Così gli uomini trascorrono le proprie esistenze senza mai contemplare il firmamento, le colline o il mare. Contemplare significa assorbire, rivelare in sé, abbattere la barriera tra esterno ed interno, tra passato, presente e futuro. Se si abbandonasse il cieco fare, privilegiando il contemplare, sicuramente una luce filtrerebbe nell'intimo e un raggio di intelligenza-amore si farebbe strada nel Cuore, centro dell'ente, consentendogli di tornare a guardare il cielo. Allora ci si renderebbe conto delle scie orribili e dei fumi tossici che lo deturpano e si smetterebbe di sostenere i "sepolcri imbiancati", da noi stessi votati, che si compiacciono di violentare la vita e i princìpi che la sostengono.
Ho iniziato queste riflessioni con una citazione musicale. Mi avvierò alla conclusione con un'altra citazione musicale per me significativa. Negli anni in cui alcuni giovani sapevano ancora celebrare la bellezza, i Dulcimer, nel loro capolavoro And I Turned As I had Turned As A boy, cantavano: "I travelled many roads and I wandered many trails…". Anch'io ho percorso molte strade e vagabondato per molti sentieri, ma, in tutta sincerità, non ho trovato verità più salda della venerazione per la bellezza. La terra, per quanto in certe sue sembianze appaia spietata e tremenda, è sempre bella, ma il mondo moderno è orribile, poiché assolutizza il relativo ed esalta freneticamente il brutto. Ricordare, pregiare la bellezza viva della Natura - all'interno della quale noi rappresentiamo l'autoconsapevolezza atemporale e sintetica dell'Essere - e dell'Arte che ad essa si ispira, trasfigurandola, significa sottrarre forza alle barbarie. La tradizione sapienziale atemporale non insegna a separare irrimediabilmente la Natura dallo Spirito, ma sottolinea come i due aspetti manifesto e immanifesto dell'Essere siano sostanzialmente indivisibili. La ragione pertanto non va rifiutata, ma impiegata al meglio, purché non si pretenda di penetrare con essa l'assoluta e indicibile Presenza. In altre parole, esaurita la fase dialettica, connaturata all'uso della ragione, è indispensabile pervenire al nucleo ineffabile di se stessi, dove la dualità si risolve nella non dualità.

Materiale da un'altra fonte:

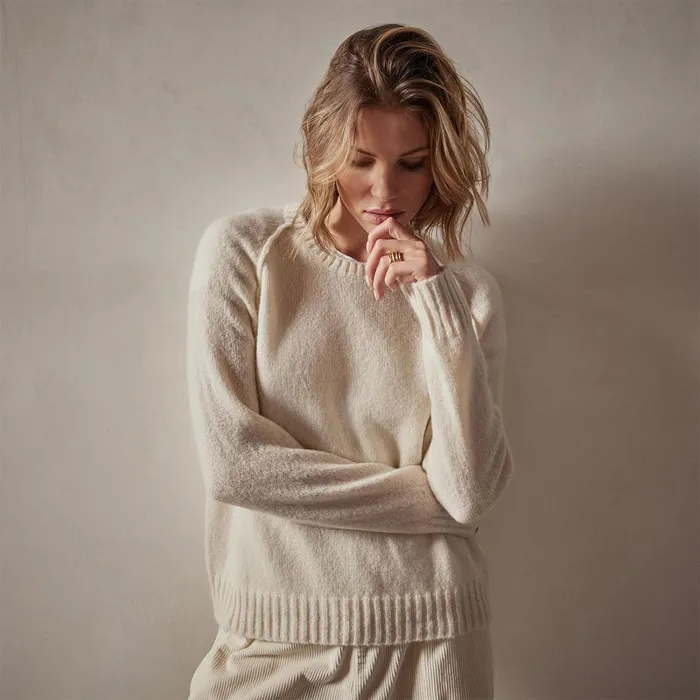 Women Sweaters James Perse Cashmere Crew Sweater Ivory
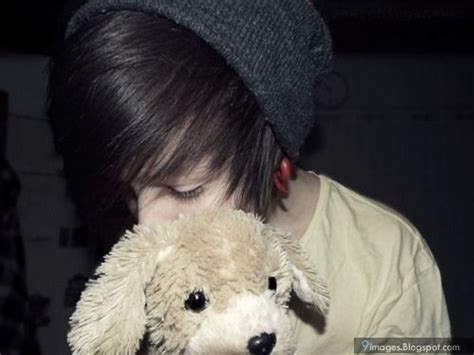 Sad, emo, boy, teddy, bear, lonely, crying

Solo dopo aver riconosciuto l'inferno per quello che è - la proiezione mentale di un uomo in continuo dissidio con se stesso - potremo con Dante cantare:  "… salimmo su, el primo e io secondo, / tanto ch'ì' vidi delle cose belle / che porta'l ciel, per un pertugio tondo; / e quindi uscimmo a riveder le stelle" (Purgatorio, XXXIV.134-139).